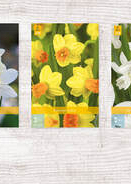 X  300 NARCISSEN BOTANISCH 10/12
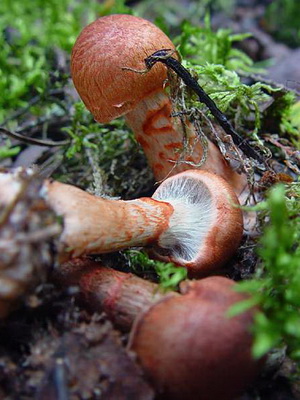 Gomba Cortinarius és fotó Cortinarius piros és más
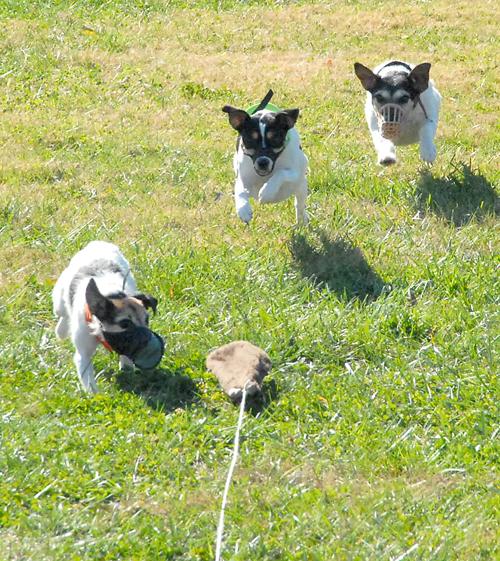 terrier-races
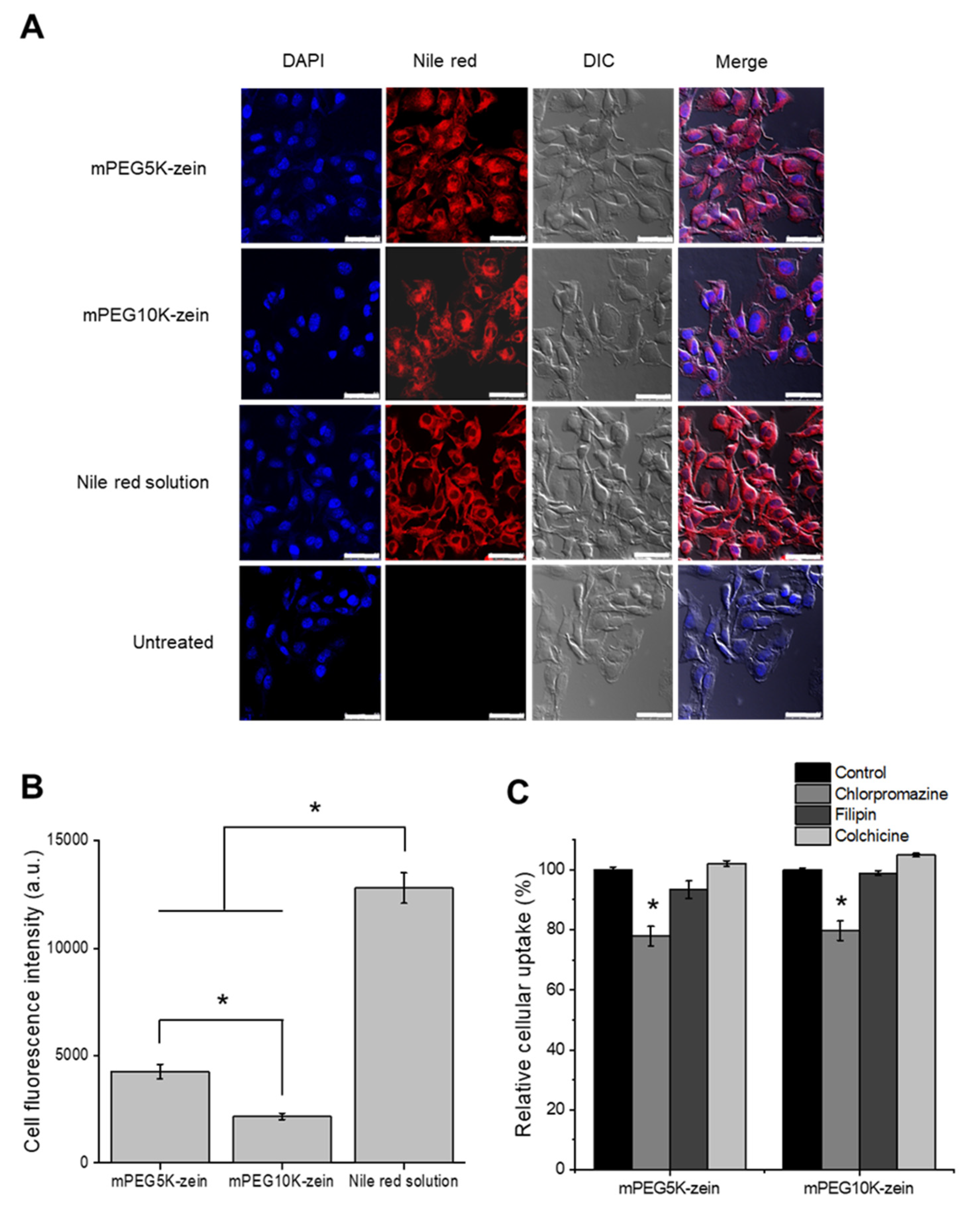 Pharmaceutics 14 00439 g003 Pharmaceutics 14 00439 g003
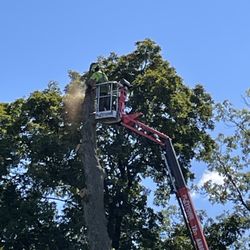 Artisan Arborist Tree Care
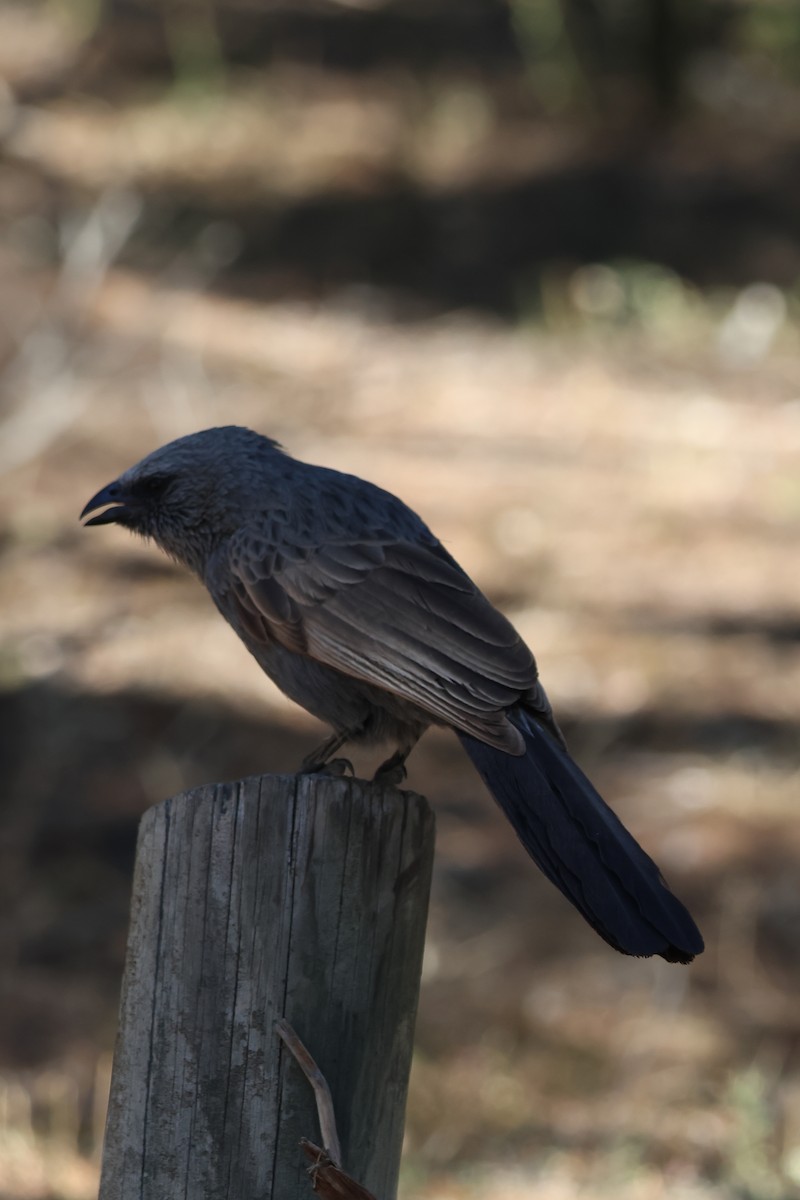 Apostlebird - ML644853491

□ □ □ □ □

Starting at the line with "Pharmaceutics 14 00439 g003 Pharmaceutics" and stopping at the final line of the material, reproduce each line exactly, both ends included. Leave the pictures out.

 Pharmaceutics 14 00439 g003 Pharmaceutics 14 00439 g003
 Artisan Arborist Tree Care
 Apostlebird - ML644853491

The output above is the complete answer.